Is China really taking over as the global manufacturing hub? In the past few months the alarm bells over the country's rapid penetration of industrial markets have grown louder. The main arguments are familiar: first, there is a significant migration of global manufacturing capacity to the mainland; and second, China is rapidly moving into capital-intensive and high-technology industries, threatening to erode the competitiveness of producers in developed countries. Both are based on a misinterpretation of China's astonishing growth.


First, take the question of manufacturing migration. This is not a complicated analytical issue but is nonetheless misunderstood by a surprising number of analysts. For China to be a global manufacturing hub, it has to be a net exporter of manufactured goods. And the best measure of the rate at which industrial capacity is migrating to the mainland is exactly the rate of increase of China's net manufacturing balance with the rest of the world.
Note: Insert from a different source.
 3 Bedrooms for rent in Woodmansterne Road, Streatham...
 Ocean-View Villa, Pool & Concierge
Between 1993 and 2002, China's gross industrial output rose from $480bn to $1,300bn. This represents an impressive increase from 2.4 per cent of estimated global industrial production at the beginning of the period to more than 4.7 per cent last year. However, at the same time China's gross purchases of industrial products rose from $490bn to $1,250bn, or 4.6 per cent of world industrial production.

The difference represents China's net manufacturing exports to the rest of the world, which were $50bn in 2002, or a meagre 0.18 per cent of global manufacturing capacity. Moreover, that figure has not been increasing noticeably over time; the net balance reached $45bn in 1997 and has been broadly stable ever since. In other words, the mainland may account for an ever-greater share of the world's industrial output but this is almost completely offset by its growing industrial market. Far from sucking in capacity, China has had virtually no overall effect on manufacturing outside its borders.
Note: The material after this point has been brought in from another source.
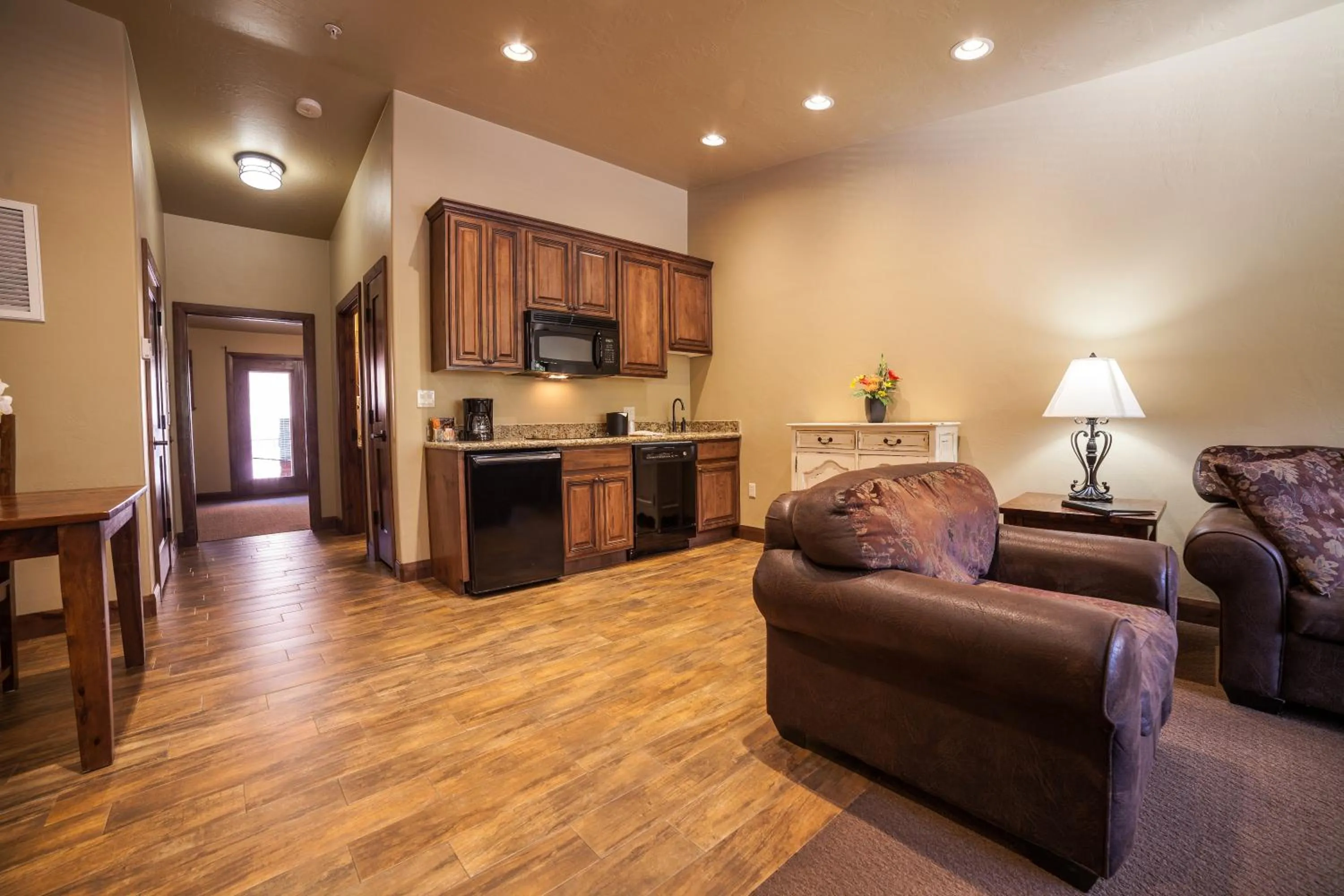 Communal lounge/ TV room in Cable Mountain Lodge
The astute reader will argue that in lumping all manufacturing industries into one overall category, the above argument misses the point, which is that China has a much more devastating impact on those markets in which it competes directly. And the reader would be right. This brings us to the second argument, that China is rapidly moving up the manufacturing food chain. When we break down overall manufacturing by industrial category, we find that the mainland records a rapidly growing net surplus in textiles and light consumer goods (roughly $80bn last year) and an expanding deficit in machinery and capital equipment. Despite headline electronics exports of more than $100bn in 2002, the net balance was only $11bn, as China's information technology export sector is still predominantly made up of processing and assembly of imported components for re-export.

The bottom line is that China is becoming a manufacturing hub for the rest of the world in low-end, labour- intensive goods. Contrary to current fears, the rest of the world is becoming a manufacturing hub for China in high-end, capital-intensive goods. This is exactly how international trade should work.

So far, so good. But could all this change tomorrow? Is not China importing capital equipment today so that it can turn round in a few years' time and flood the world with cheap high-end products? Of course, there is no guarantee this will not happen - but the chances are remote. For China to jump multiple rungs on the global value-added chain, we would need to see a rapid build-up in capital-intensive sectors with both a high domestic value-added component and a significant export orientation. There are plenty of industries where one or the other is true but few examples of both.

A final worry is that China's economy could collapse, or at least slow sharply, resulting in a flood of excess manufacturing capacity on to world markets. After all, this is what happened in 1997 and 1998, when a post-bubble decline in domestic demand caused the trade surplus to rocket to nearly 5 per cent of gross domestic product. Again, however, the chances are remote. Goldman Sachs' index of activity in China points to rapid growth over the past two years and, despite objective macroeconomic risks in the future, the outlook is far more stable and manageable than it was six years ago. Chinese manufacturing is a force to be reckoned with but not one to fear.